Similarly, this is what NFL draft scouting is all about. They’re trying to valuate players the same way institutional investors valuate companies. Wes Buntings grades are very much like a “price” for a player, a value; some players are an 8.5 others a 5.8. What you’re saying is “just create a better valuation model than anyone else and you’ll be fine!” And that’s kind of a well… duh, statement. Every team is trying to be the most precise they can be with their player grades. If you can do better, cool. But most teams have players roughly graded the same way. You don’t see one team picking players in the first round that the rest of the league thinks are 4th round players. You don’t see consensus top-10 picks fall to the 7th round even though they turn out to be busts just as bad as a 7th rounder. The valuation is about as good as it’s going to be in the league, it’s hard to get a competitive advantage on valuation. If you could scout way better than anyone else, that’s cool, but that’s not really a strategy to go to your scouts and say “SCOUT BETTER!”.

I am talking about draft strategy. You could have the exact same scouting department and the exact same board in front of both the Patriots and Jerry 1.0. The exact same board Jerry 1.0 would trade up and get the splashy player, the Patriots would trade down and get two solid players.

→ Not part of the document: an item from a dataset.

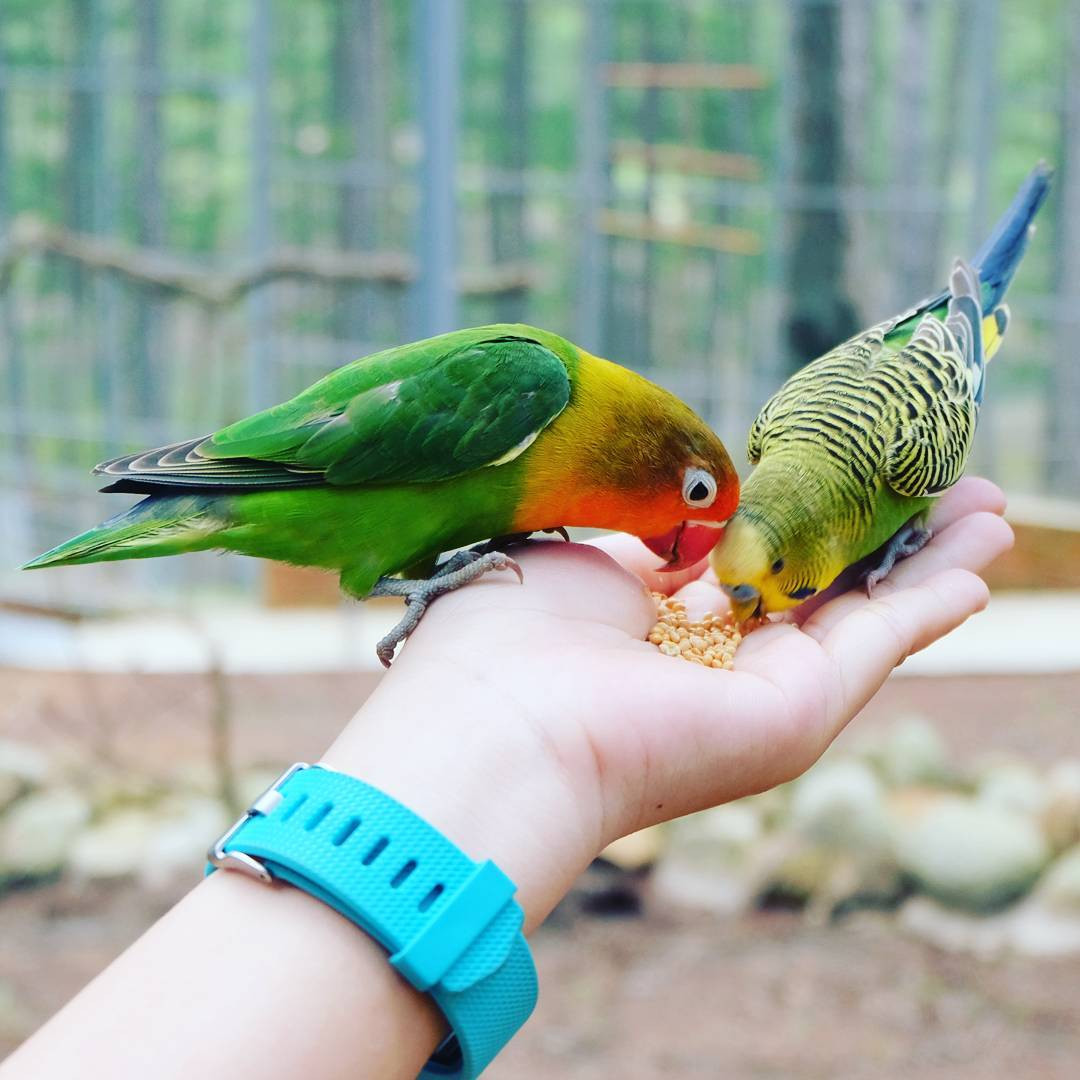 Phí cả chuyến đi Đà Lạt nếu không check-in tại những địa điểm 'sống ảo' đang hot này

The argument I am making in this post is a strategy argument. It says that this Cowboys team has stars and scrubs on it. If you look at teams that are successful over the long-term their strategy isn’t to add more stars but to eliminate the scrubs. I think this team has enough stars to win a superbowl but it needs to take all the positions with poor play and bring them up to average rather than trying to make one position exceptional. That’s the strategy that is going to be successful on draft day.

The Ohio State Buckeyes are your Sugar Bowl champions... and for the 7th year in a row Michigan still sucks.

by Blue Eyed Devil on Apr 3, 2011 2:14 PM CDT up reply actions   1 recs

It's essentially what Jimmy Johnson and Parcells practiced as well

“churning the bottom of the roster”

Don't believe everything you think.

by dunkman on Apr 4, 2011 6:02 AM CDT up reply actions  

Almost totally agree

We can’t become a Detroit and draft 4 WR’s in the first, so need comes into play as well as BPA. Basically though, youv’e indirectly indicted Jerry’s role as GM for our draft failures.

by pfloyd1 on Apr 3, 2011 10:38 AM CDT up reply actions  

First...

You’re talking long-term and BED’s talking short-term. Trick’s getting the strategic and tactical to mesh into a cohesive plan. We’ll see if JG’s a magician along the lines of the original Triplets methinks you’ve been studying. Correction, not magician, student of the game. No magic, just hard work.

Weltschmerzen.

by tanstaafl on Apr 3, 2011 12:08 PM CDT up reply actions  

Best expression of the ideal yet

Tactical components are all supposed to support the strategic objective. Our problem, as fans is we see Football as the critical objective whereas ownership sees is as a tactic. The strategic objective for JJ is commercial success – i.e., maximize profitability, value of the franchise.

To most of us simpletons, or perhaps idealists, that means make the product successful and the commercial side will be so as well. As we’ve seen, that is not necessarily the case.

We live life forwards and understand it backwards

by tdships on Apr 3, 2011 12:15 PM CDT up reply actions  

Exactly! Linemen aren't easy to make into PR success stories.

"You can't live a perfect day without doing something for someone who will never be able to repay you."

- John Wooden (God rest his soul)

by 5Blings on Apr 5, 2011 5:48 PM CDT up reply actions  

+1
Student of the game. No magic, just hard work.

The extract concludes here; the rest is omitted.